Today's Song of the Day is from British jazz-dance musician Paul Hardcastle, who released his first album in England in 1984, and just missed the top-40 there with the electronic bleeps of  the medley of "You're The One For Me/Daybreak/AM" (the first being a remake of the D-Train club classic). The following year, his composition "Rainforest" met the same peak, #41, while becoming a top-5 soul/#2 dance/minor pop hit in America. That record incorporated drum machine patterns widely in use in freestyle Latin pop music at that time, and he would do it again for his next single release, "19". But instead of an instrumental of a rehashed club vocal, Paul used samples of a war documentary along with voice clips of TV narrator Peter Thomas (Nova). Somehow the combo of breakdance beats and news-style footage caught on around the world like hotcakes, with a hook based on the theory that the average age of the American fighters in the Vietnam War were 19...

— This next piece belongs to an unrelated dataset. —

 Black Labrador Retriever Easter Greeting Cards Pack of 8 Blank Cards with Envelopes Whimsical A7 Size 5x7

"19" became a huge success around the world, staying at #1 for five weeks in England, and then crossing over to America where it made the pop top 20 in July of 1985. The single also topped the American dance club play chart, as well as peaking at #8 on Billboard magazine's R&B chart. Internationally, the record topped the charts in most of Europe, like Germany, Italy, Sweden, Ireland, and Norway, and went to #15 in France. It would be Hardcastle's only time in the US pop top-40.

In 1986, Paul would climb the dance and R&B charts in the US once more with "Don't Waste My Time", which also made the top-10 on the British singles chart. He would have a few more hits in the UK, including a song patterned like "19" called "Forty Years" in 1988 (#53). Most recently, his work has drifted back to a more pure jazz medium, and has topped the Jazz Songs chart in Billboard a few times, the most recently with "No Stress" in 2013...

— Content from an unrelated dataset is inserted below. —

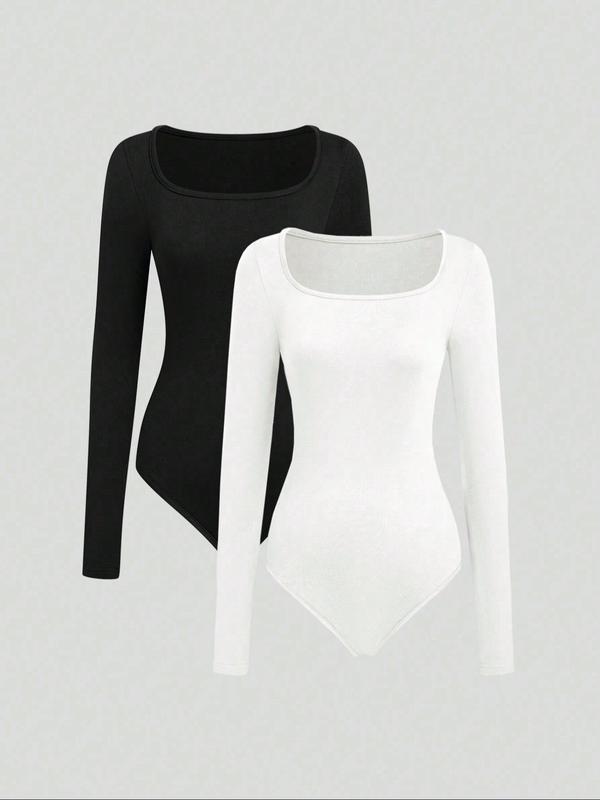Women's Solid Scoop Neck Long Sleeve Bodysuit, Casual Tops, Comfy Bodysuit for Daily Wear, Ladies Clothes for All Seasons North West Body Suit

Looking back, "19" stands out amongst the power players and one-hit-wonders of the 80s with its totally different sound and fearless use of a tricky subject for a pop song to become something "real" teenagers could relate to in history.

The biggest product of Hardcastle's success isn't as direct. Paul's manager, Simon Fuller, used his profit from the single to fund and name his new music/media company 19 Entertainment, which would eventually be the home to the likes of American Idol.

(Click below to see the rest of the post)


The same year that "19" came out, a "parody" track called "N-N-N-Nineteen Not Out" came out  mocking the country's cricket team, and with Paul secretly contributing to the record, the single went to #13 on the UK chart...


 Here's Paul in 2004 live with the track at Albert Hall in London...


..and finally, here's the club remix of the track that topped the dance charts for two weeks in 1985...


Up tomorrow: One of my all-time faves cross over to America for the first time...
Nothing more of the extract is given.